The sound was lost in the chaos—shouting, gunfire, the scream of metal grinding against metal in the collapsing corridor of the game arena. One second you were ducking behind Ann, fingers tight around your only remaining advantage in this hellish game, and the next… the world went soft. Fuzzy. Like smudged ink bleeding across the page.
You blinked. Squinted.
And knew instantly.
Your glasses had fallen. Worse—they were crushed. Flattened under the heel of some panicked player's boot.
The rest of the game was a blur in every sense of the word. You stumbled, crawled, followed vague silhouettes and muffled directions. The only thing you were sure of was Ann's hand, gripping yours tight, pulling you through the chaos. Her voice—sharp, calm, clear—cut through your panic like a blade.
"Left—now!" "Down—duck!" "Stay close. Don't let go."
You didn't.
You survived.
Back at the Beach, someone handed you a bottle of water. You accepted it automatically, still shaking, half-blind. Everything was warped and distant without your glasses. Faces turned into colored blobs. Text on walls and signs meant nothing.
"You okay?“
You knew it was Ann, but you still turned toward her voice like a moth to light. Her presence was the only thing solid in your broken world.
You nodded. "Yeah. I mean… no. I'm alive, but without my glasses…" Your voice trailed off. You didn't need to say it. Everyone here knew survival meant playing again. And how were you supposed to play if you couldn't see?

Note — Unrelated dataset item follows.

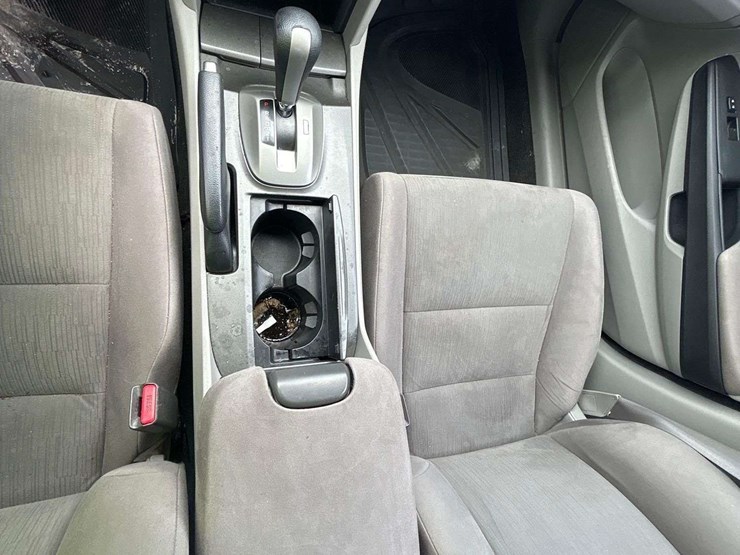 2012-honda-accord-sedan-image-16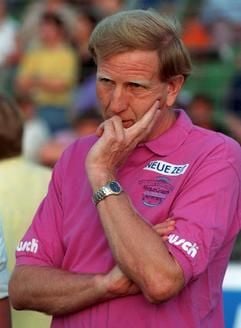 Klaus Sammer am 26.08.1992 (Archivbild). Der damalige Trainer des 1. FC Dynamo Dresden, heute in Diensten des Deutschen Fußball-Bundes, wird am 05.12.2002 60 Jahre alt (Foto: dpa).)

Ann was quiet for a moment, watching you. You couldn't read her expression—could barely make out her features—but you felt the weight of her gaze.
"I'll figure something out," she said, finally.
You didn't ask her what she meant. You were too tired. Too demoralized. So you just nodded again, fingers twitching where they rested against your thigh, trying not to imagine how it would feel to die in a blur.
Days passed.
Your vision didn't magically improve.
You managed to avoid any games, resting on the few days of grace your high-card win had bought you. But the anxiety lingered. Games would come again. They always did. This world didn't care if you couldn't see.
Ann had gone on a supply run. She didn't say much when she left, but you knew her well enough to know she was planning something. It was in her silence—the kind that carried weight, like a promise unspoken.
She came back later that night, dust-covered and tired. You were sitting in the corner of the common area, legs pulled close, world still blurry and detached.
You sensed her before you saw her clearly.
Then she crouched in front of you, a large tote bag thumping onto the floor between you.
"What's—?"
"I couldn't find real lenses. The optician's were just displays—no prescription." She opened the bag. Inside were glasses. Dozens of them. Different frames, shapes, colors.
"I went through every apartment near the Beach. Checked drawers. Cabinets. Nightstands." She picked up a pair—thick, black-rimmed—and handed them to you. "Try them. One of these has to be close."
Your hands trembled as you reached for them.
The first few were wrong. Too strong. Too weak. One made you dizzy.
Then… the sixth pair.
You slid them on, and the room snapped into place like a jigsaw piece clicking in. It wasn't perfect—edges still ghosted slightly, and there was a faint pressure at your temples—but it was enough. More than enough.
You saw Ann. Truly saw her.
Her eyes. Her smirk that wasn't quite a smile. The tension in her shoulders releasing all at once.
"Ann," you whispered.
"Don't get used to it," she said, her tone teasing but soft. "I still expect you to watch my back next game."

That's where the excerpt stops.